Anyway, I knew from lotsa YouTube that drafting saves a bunch of energy, but I noticed something unexpected (to me) that perhaps you guys could explain: whenever we were cruising on the flat (or mostly flat), I couldn't simply maintain an easy cadence without creeping up on the rider ahead of me. Most of the time, I was braking to maintain distance, while the rider ahead was spinning consistently. It seemed distinctly like I was being pulled into the airstream of the rider in front of me. This effect didn't happen under, say, 15mph-ish on the flats or at all on climbs, and because of my noobishness, I stayed far away from other riders on big descents, so I dunno if this phenomenon would apply then too. 

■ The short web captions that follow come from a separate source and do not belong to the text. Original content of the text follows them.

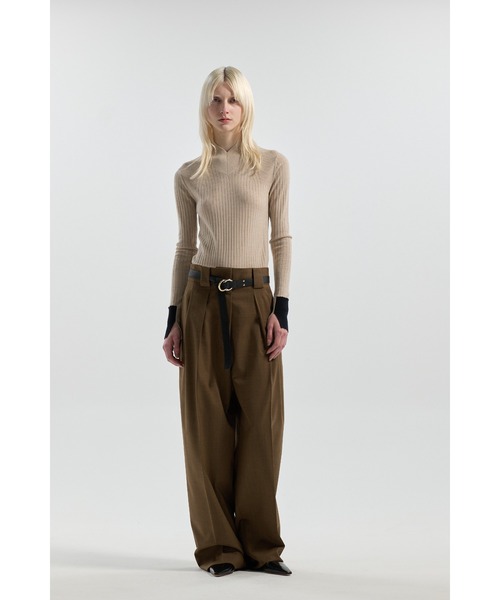 CINOH(チノ)の「T/W TWILL HIGH WAIST TWO TUCK PANTS(スラックス・レディース・グレー/ブラック・38/36)」の7枚目の写真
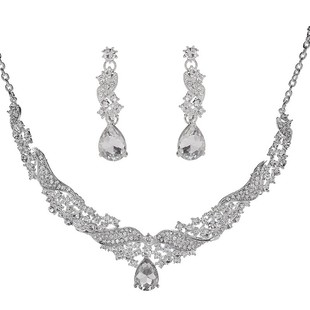 法式轻奢新娘主婚纱一字肩晚礼服配饰晚宴项链耳环结婚高级感大气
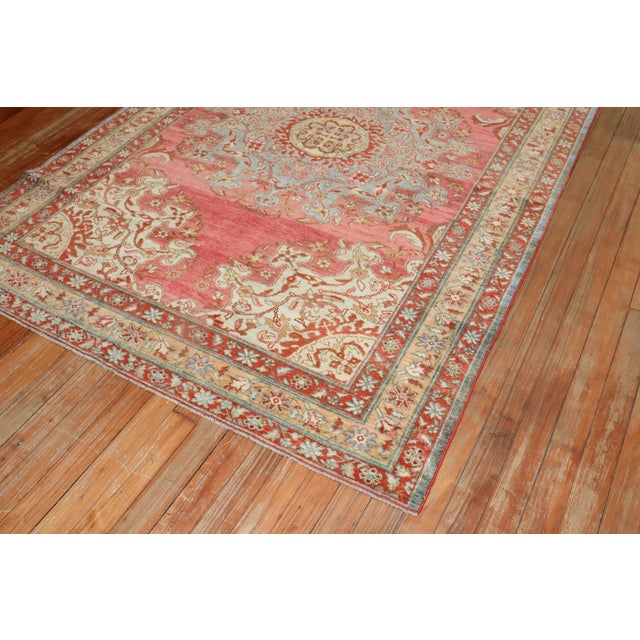 Antique Persian Tafresh rug from the 1st quarter of the 20th century. Measures: 4'5'' x 6'2'' The single weft carpets are...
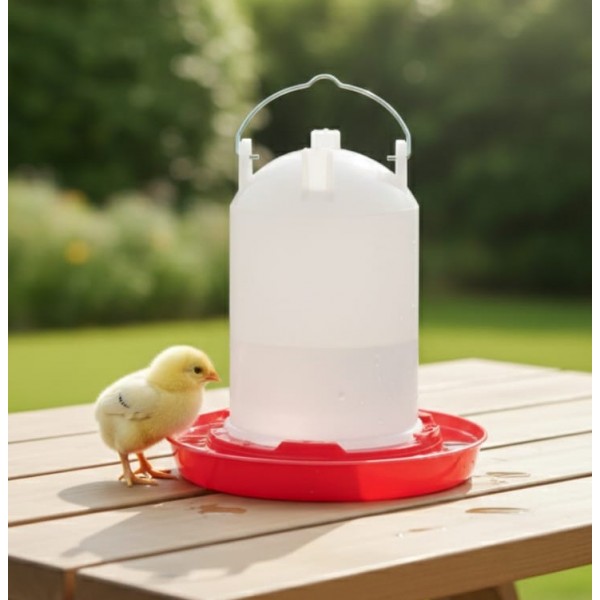 Plastic Poultry Chick Waterer & Feeder Kit – 1 Litre Capacity with Handle – Safe Anti-Drowning Design – For Chicks, Ducks, Quail & Small Pets (18 × 18 × 20 cm)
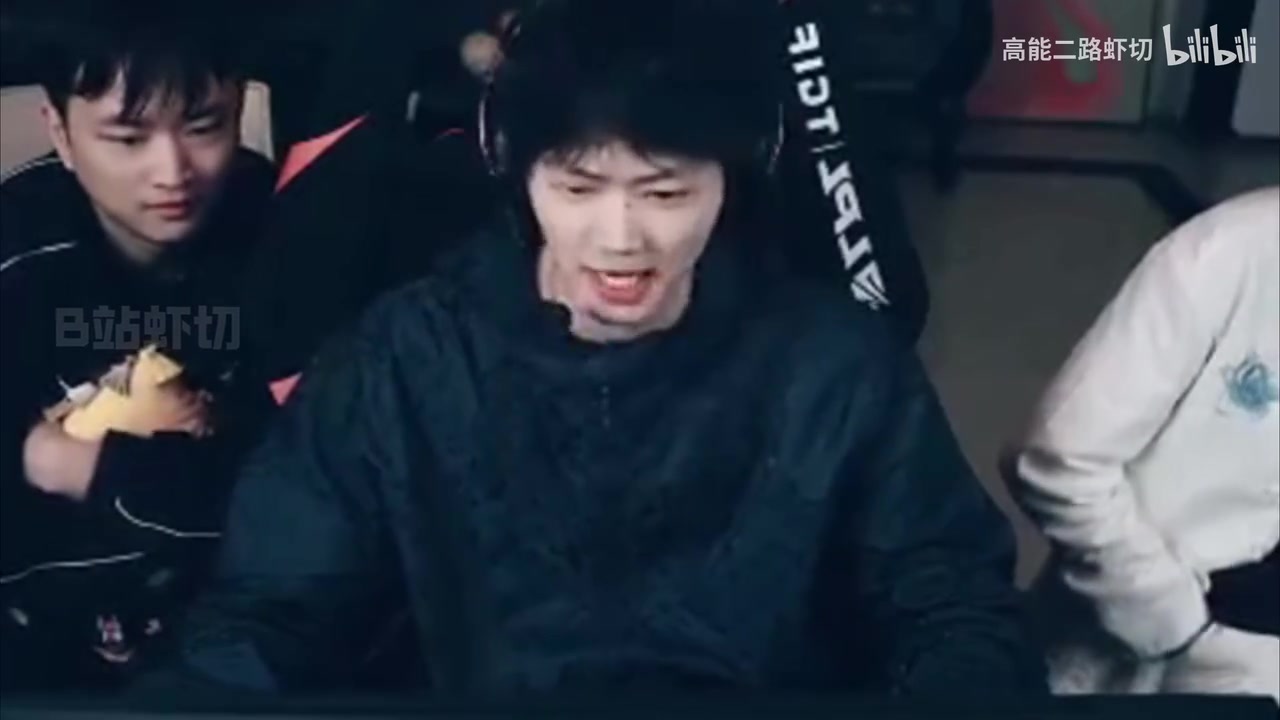 电子png游戏难怪淑怡喜欢？上完热搜第一后Leyan直播表演起了中专说唱！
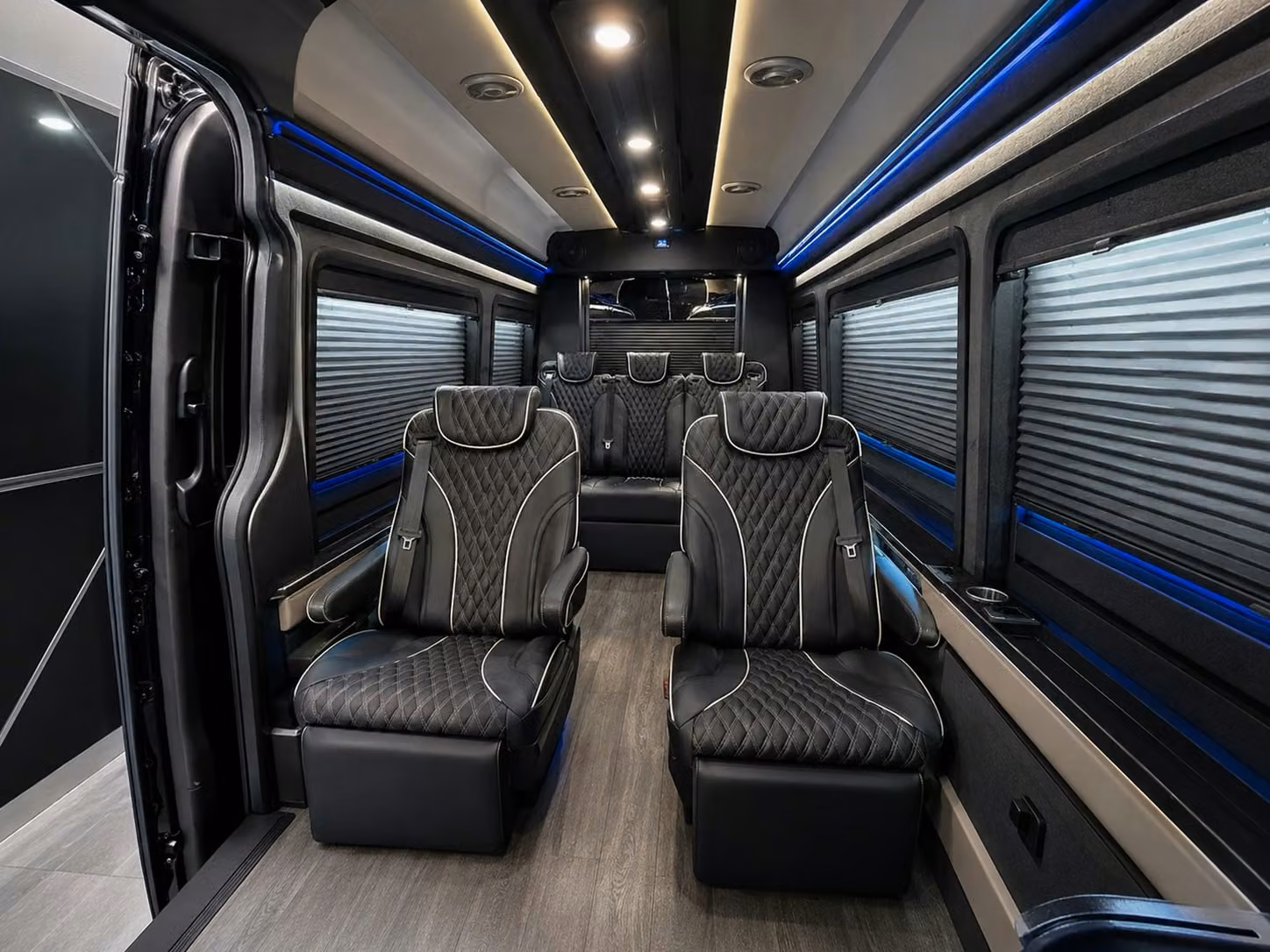 corporate airport shuttles in tustin for teams of every size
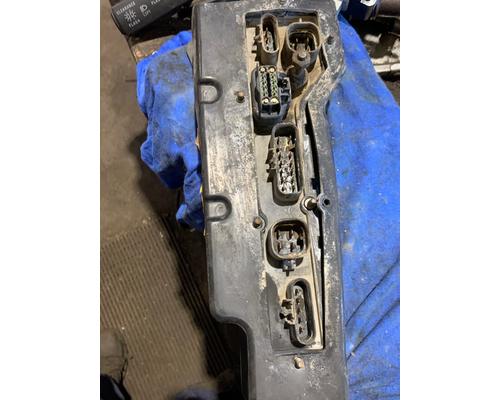 MACK CX613 VISION Fuse Box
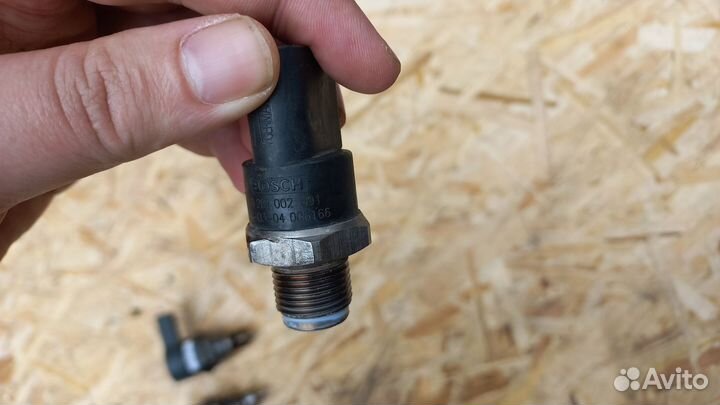 Датчик давления топлива Audi a8 touareg 3.0
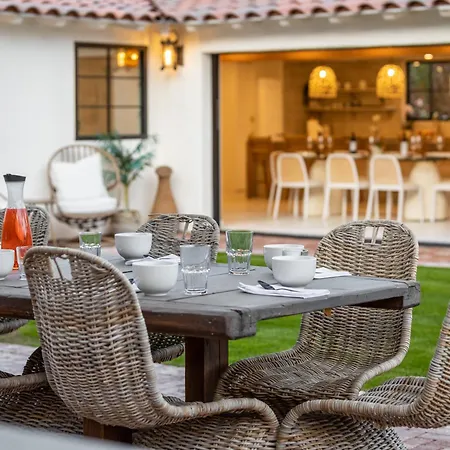 Casa De Tierra By Acme House Company-2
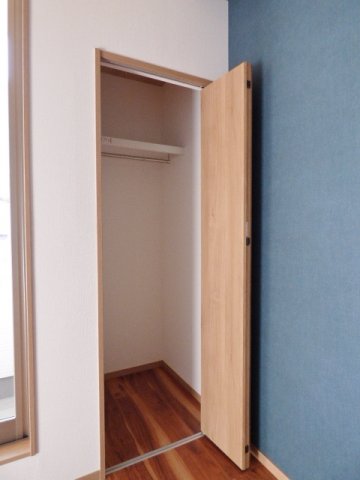 収納　使いやすい片折戸のクロゼット。丈のある服もかけられます◎　※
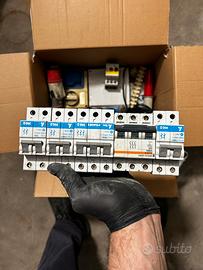 Lotto Materiale Elettrico Industriale e Civile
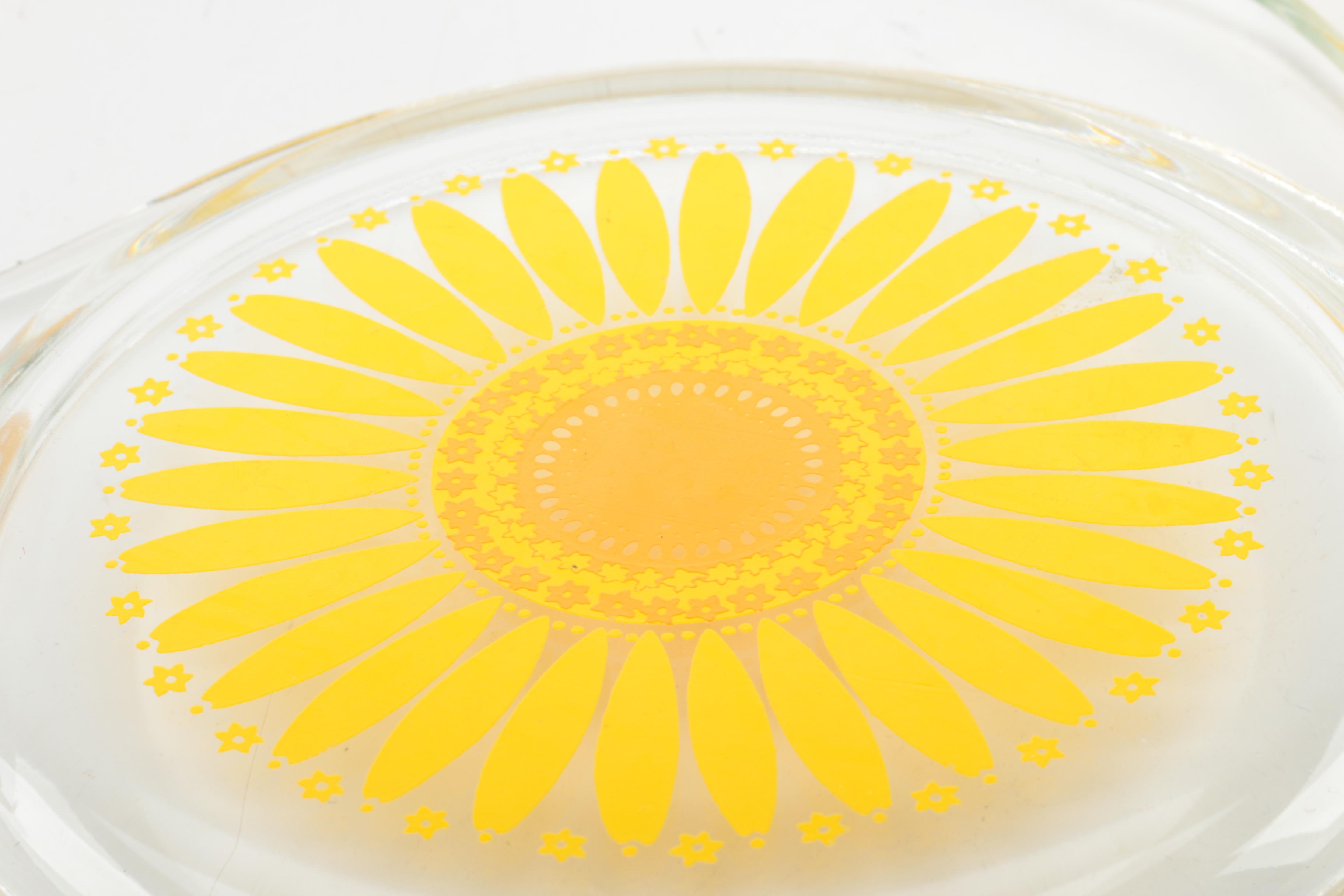 Pyrex "Primary Colors" Cinderella Mixing Bowls and Pyrex Bakeware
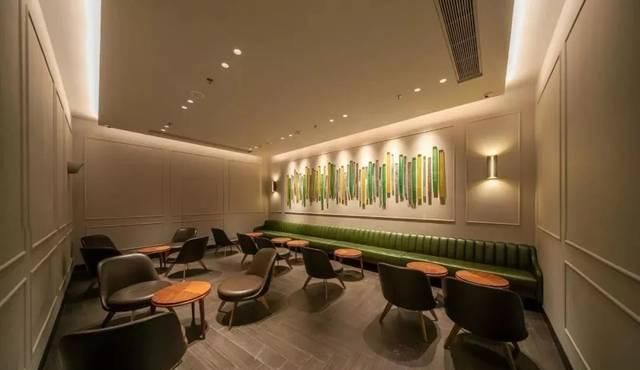 星巴克爆改百年老建筑，将闲置“废楼”改出王炸！网友：别卖咖啡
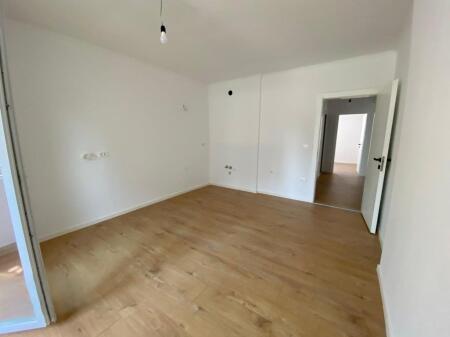 Vendesi in vendita Appartamento 2+1+2 a Don Bosko! 138.000 €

So to summarize: going slow, I could select a gear and spin smoothly while maintaining a consistent distance from the rider ahead, and going fast, the rider ahead would constantly be pedaling while I was coasting and braking to maintain distance. 

So what's up? Does drafting literally suck (a rider forward)?


----------



## JCavilia (Sep 12, 2005)

No. Eventually you learn to soft-pedal, and occasionally coast, so you don't overspeed and have to brake. You were creeping up because you were pedaling harder than necessary, without realizing it. You will learn to notice more quickly when the gap starts to close, and back off the pedaling before you have to brake.


----------



## Teuthis (Jul 29, 2015)

JCavilia said:


> No. Eventually you learn to soft-pedal, and occasionally coast, so you don't overspeed and have to brake. You were creeping up because you were pedaling harder than necessary, without realizing it. You will learn to notice more quickly when the gap starts to close, and back off the pedaling before you have to brake.


I had considered that on the road when I first noticed this happening, and I deliberately put less and less power into the pedals. Tailwind or some other aero effect? Seriously, this wasn't simply easier pedaling. After 25 miles, I felt like I had been sitting on the couch the whole time. 

And I repeatedly noted the guy in front of me (a college team racer) kept a smooth and consistent cadence while I was coasting and braking (in case it was a downhill false flat or something, and that's why I was gaining).


----------



## tednugent (Apr 26, 2010)

there is a science to it, it's been too long since I took Fluid Dynamics in undergrad.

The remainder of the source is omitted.